Dans une entrevue de près d’une heure, c’est cette jeune femme, qui dit avoir subi la violence conjugale psychologique, témoigne afin que les gens comprennent mieux son histoire.

« Ça m’a détruit dans ma tête, ce n’est pas des coups physiques, mais ça fait le même effet. J’ai quitté cette relation toxique depuis deux ans après 8 ans de vie commune. C’est moi qui ai peur de lui. Et c’est moi qui suis étiquetée auprès de la DPJ comme droguée, mais pourtant, j’ai fait plusieurs ressourcements et des thérapies, je suis capable de m’en occuper de mes enfants », raconte-t-elle pour donner un contexte.

Le spectre d’un exil

« J’ai reçu des messages provenant de la communauté de Ekuanitshit. Je ne suis pas toute seule à qui ça arrive se faire enlever ses enfants. Leurs enfants sont emmenés chez les blancs. Ce n’est pas juste Uashat mak Mani-utenam, c’est partout que ça arrive. Il y en a qui n’ont pas le soutien comme moi je l’ai eu. Et ça m’attriste beaucoup pour ces familles. Ce sont nos enfants, c’est notre avenir. Ce qui est arrivé, ce n’est pas pour moi, c’est pour la protection de nos enfants. Je suis en guerre contre la DPJ » dit-elle.

La volonté d’une communauté de refuser que les enfants soient emmenés à l’extérieur de la communauté a évidemment retenu l’attention et a touché la mère de famille qui souhaite taire son identité pour le moment.

« J’étais vraiment reconnaissante. C’est là que j’ai vu que l’on voulait toute la même chose, la sécurité des enfants. Les Innus ne m’ont pas protégé moi. J’ai dit à mes enfants, regardez, ils sont tous là pour vous. On vous aime et on veut vous protéger. La mobilisation était belle. La police disait, on attend le mandat et on va défoncer les portes s’il le faut, mais non, les Innus de ma communauté se tenaient debout et se seraient battus, je le sais. J’ai senti toute la fierté de mon peuple. Il faut se lever parfois », raconte-t-elle.

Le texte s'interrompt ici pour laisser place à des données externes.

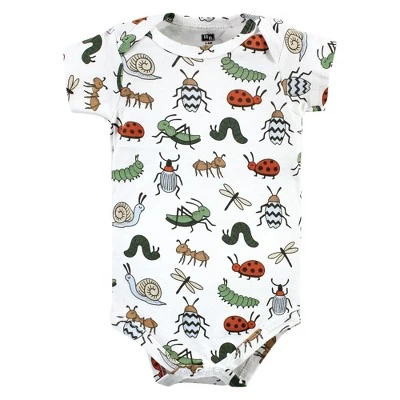 Hudson Baby Unisex Baby Cotton Bodysuits, Bugs 5-Pack 5 Hudson Baby Unisex Baby Cotton Bodysuits, Bugs 5-Pack - Image 5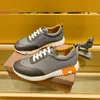 Mode mannen casuals schoenen stuiteren zachte bodem lopende sneaker Italië Italië Elastische band lage top mesh suède kalfsleer lichtheid ademende casual trainers doos eu 38-45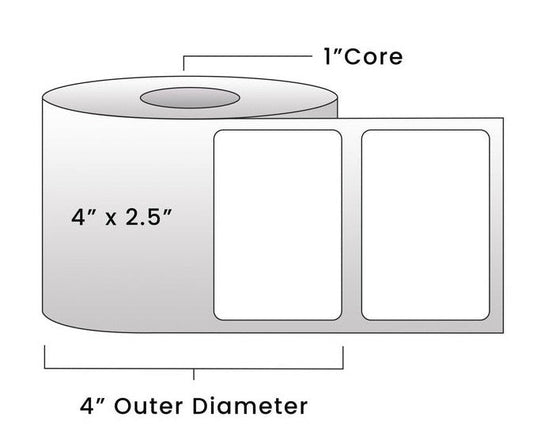 Direct Thermal Labels - Metrc Label - 4" x 2.5" - 1" Core / 4" Outer Diameter - (610 Labels Per Roll)-Stock Labels-BeastBranding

Relation orageuse avec la DPJ

« Ils se pensent mieux que nous autres. Ça me fait penser à l’histoire des pensionnats avec la police et ma grand-mère. C’est ça que l’on me racontait, on est venu me chercher avec la police, mes grands-parents voulaient me garder. Et d’ailleurs, ils devraient mieux s’occuper de leurs personnes âgées (…). Nos aînés ne meurent pas seuls à l’hôpital. » compare-t-elle

Elle a donc trouvé une place auprès de sa tante qui a accepté de s’en occuper. S’en est suivi une mobilisation communautaire, mercredi soir dernier, chez sa tante pour empêcher que les enfants soient emmenés.

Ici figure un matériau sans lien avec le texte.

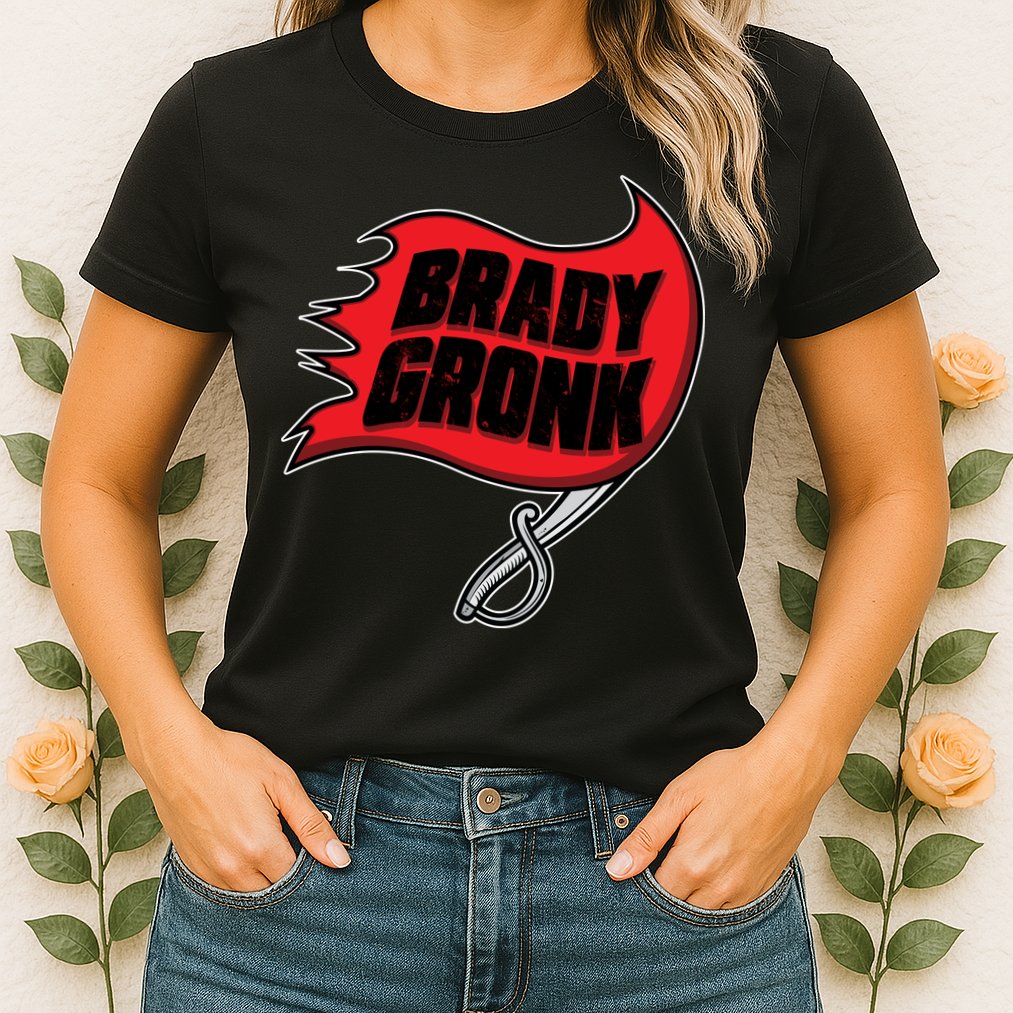 Brady Gronk Tampa Bay Flag Womens T-Shirt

« La DPJ n’était pas d’accord avec cette solution. Eux veulent les placer dans un terrain neutre. Mais un enfant n’est-il pas mieux dans son environnement familial? On ne respecte pas le bien-être de l’enfant dans ces conditions-là », continue la dame.

Les enfants sont demeurés une nuit chez leur tante et ont été retournés, dès le lendemain, dans le milieu où la mère avait dénoncé à maintes reprises des situations anormales auprès de la DPJ.